ML.Feature

class ddf_library.functions.ml.feature.Binarizer(threshold=0.0)

Bases: ddf_library.bases.ddf_model.ModelDDF

Binarize data (set feature values to 0 or 1) according to a threshold

Values greater than the threshold map to 1, while values less than or equal to the threshold map to 0. With the default threshold of 0, only positive values map to 1.

Example:
>>> ddf = Binarizer(threshold=5.0).transform(ddf, input_col=['feature'])
Parameters:threshold – Feature values below or equal to this are replaced by 0, above it by 1. Default = 0.0;
check_fitted_model()
load_model(filepath)

Load a machine learning model from a binary file in a storage.
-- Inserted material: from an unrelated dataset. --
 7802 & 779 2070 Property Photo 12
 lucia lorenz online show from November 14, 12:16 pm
Parameters:filepath – The absolute path name;
Returns:self
Example:
>>> ml_model = Kmeans().load_model('hdfs://localhost:9000/model')
save_model(filepath, overwrite=True)

Save a machine learning model as a binary file in a storage.

Parameters:
  • filepath – The output absolute path name;
  • overwrite – Overwrite if file already exists (default, True);
Returns:

self

Example:
>>> cls = KMeans().fit(dataset, input_col=['col1', 'col2'])
>>> cls.save_model('hdfs://localhost:9000/trained_model')
transform(data, input_col, output_col=None, remove=False)
Parameters:
  • data – DDF
  • input_col – List of columns;
  • output_col – Output columns names.
  • remove – Remove input columns after execution (default, False).
Returns:

DDF

class ddf_library.functions.ml.feature.CountVectorizer(vocab_size=200, min_tf=1.0, min_df=1, binary=True)
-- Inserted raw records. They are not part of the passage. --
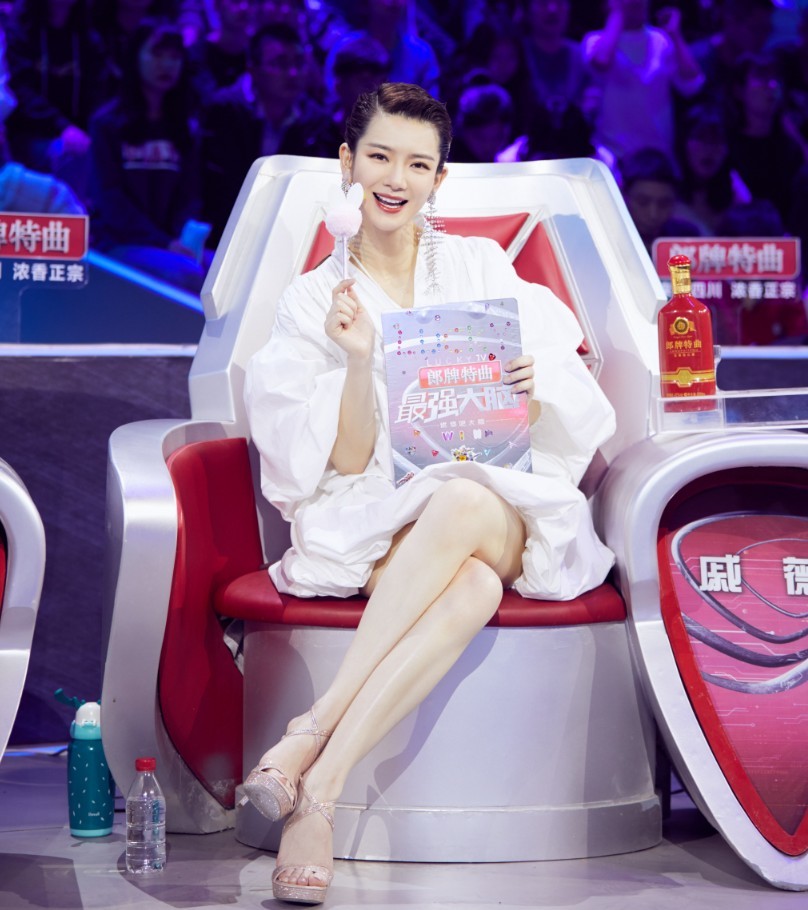 戚薇的脚力惊人!一脚穿起迷你版"瓷砖"鞋?坐着都能感觉霸气
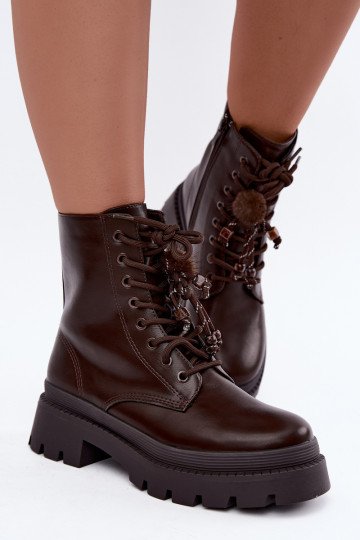 botas aisladas con pompones esponjosos en chocolate Faresse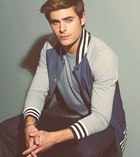 Zac Efron : zac-efron-1393277978.jpg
Bases: ddf_library.bases.ddf_model.ModelDDF

Converts a collection of text documents to a matrix of token counts.

Example:
>>> cv = CountVectorizer().fit(ddf1, input_col='col_1')
>>> ddf2 = cv.transform(ddf1, output_col='col_2')
Parameters:
  • vocab_size – Maximum size of the vocabulary. (default, 200)
  • min_tf – Specifies the minimum number of different documents a term must appear in to be included in the vocabulary. If this is an integer >= 1, this specifies the number of documents the term must appear in; Default 1.0;
  • min_df – Filter to ignore rare words in a document. For each document, terms with frequency/count less than the given threshold are ignored. If this is an integer >= 1, then this specifies a count (of times the term must appear in the document);
  • binary – If True, all nonzero counts are set to 1.
check_fitted_model()
fit(data, input_col)

Fit the model.

Parameters:
  • data – DDF
  • input_col – Input column name with the tokens;
Returns:

a trained model

fit_transform(data, input_col, output_col=None, remove=False)
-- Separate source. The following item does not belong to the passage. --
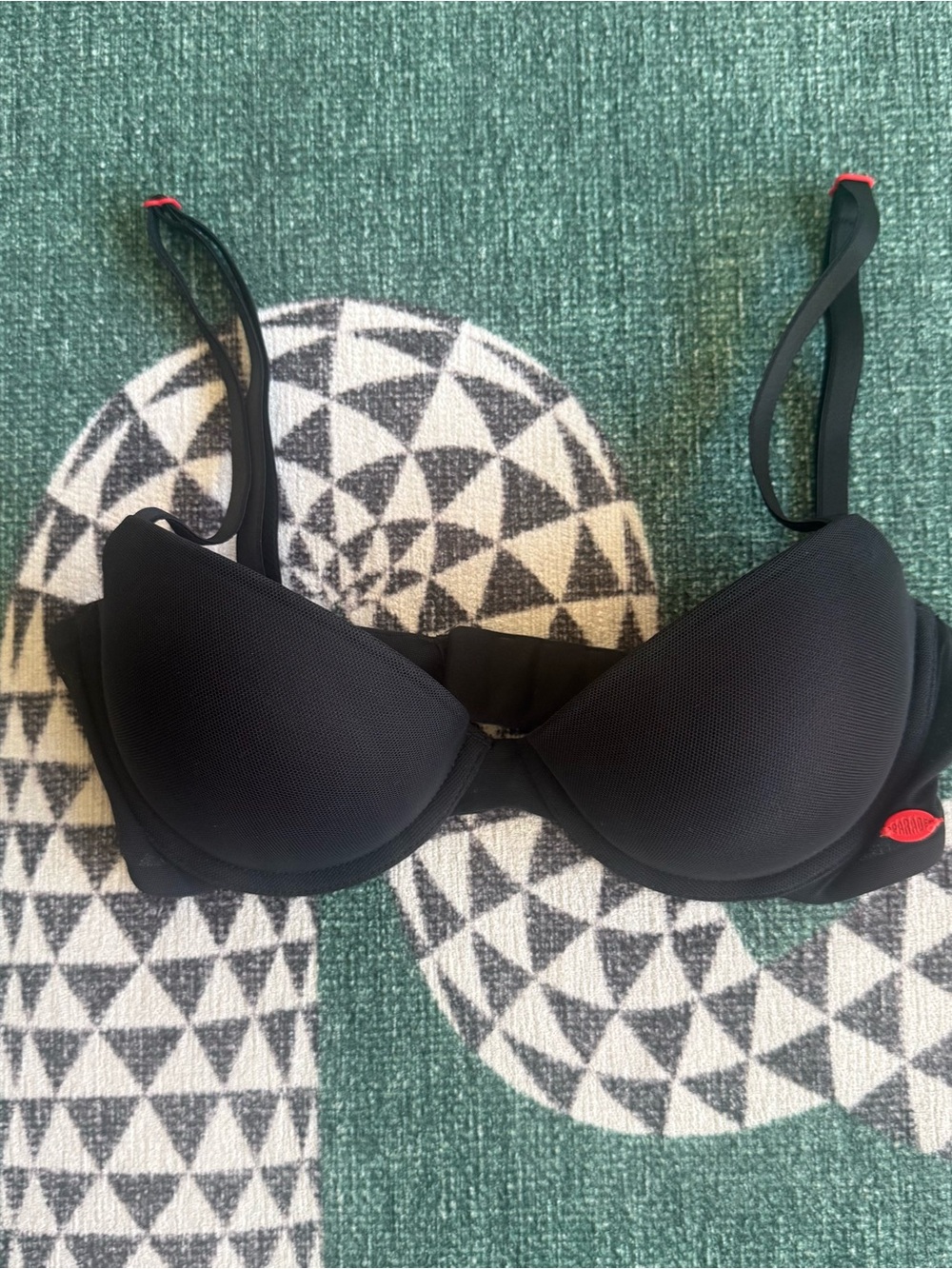Smooth Black Padded Underwire Bra with Adjustable Straps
Fit the model and transform.

Parameters:
  • data – DDF
  • input_col – Input column name with the tokens;
  • output_col – Output field (default, add suffix ‘_vectorized’);
  • remove – Remove input columns after execution (default, False).
Returns:

DDF

load_model(filepath)

Load a machine learning model from a binary file in a storage.

Parameters:filepath – The absolute path name;
Returns:self
Example:
>>> ml_model = Kmeans().load_model('hdfs://localhost:9000/model')
save_model(filepath, overwrite=True)

Save a machine learning model as a binary file in a storage.

Parameters:
  • filepath – The output absolute path name;
  • overwrite – Overwrite if file already exists (default, True);
Returns:

self

Example:
>>> cls = KMeans().fit(dataset, input_col=['col1', 'col2'])
>>> cls.save_model('hdfs://localhost:9000/trained_model')
transform(data, input_col=None, output_col=None, remove=False)
Parameters:
  • data – DDF
  • input_col – Input column name with the tokens;
  • output_col – Output field (default, add suffix ‘_vectorized’);
  • remove – Remove input columns after execution (default, False).
Returns:

DDF

class ddf_library.functions.ml.feature.IndexToString(model)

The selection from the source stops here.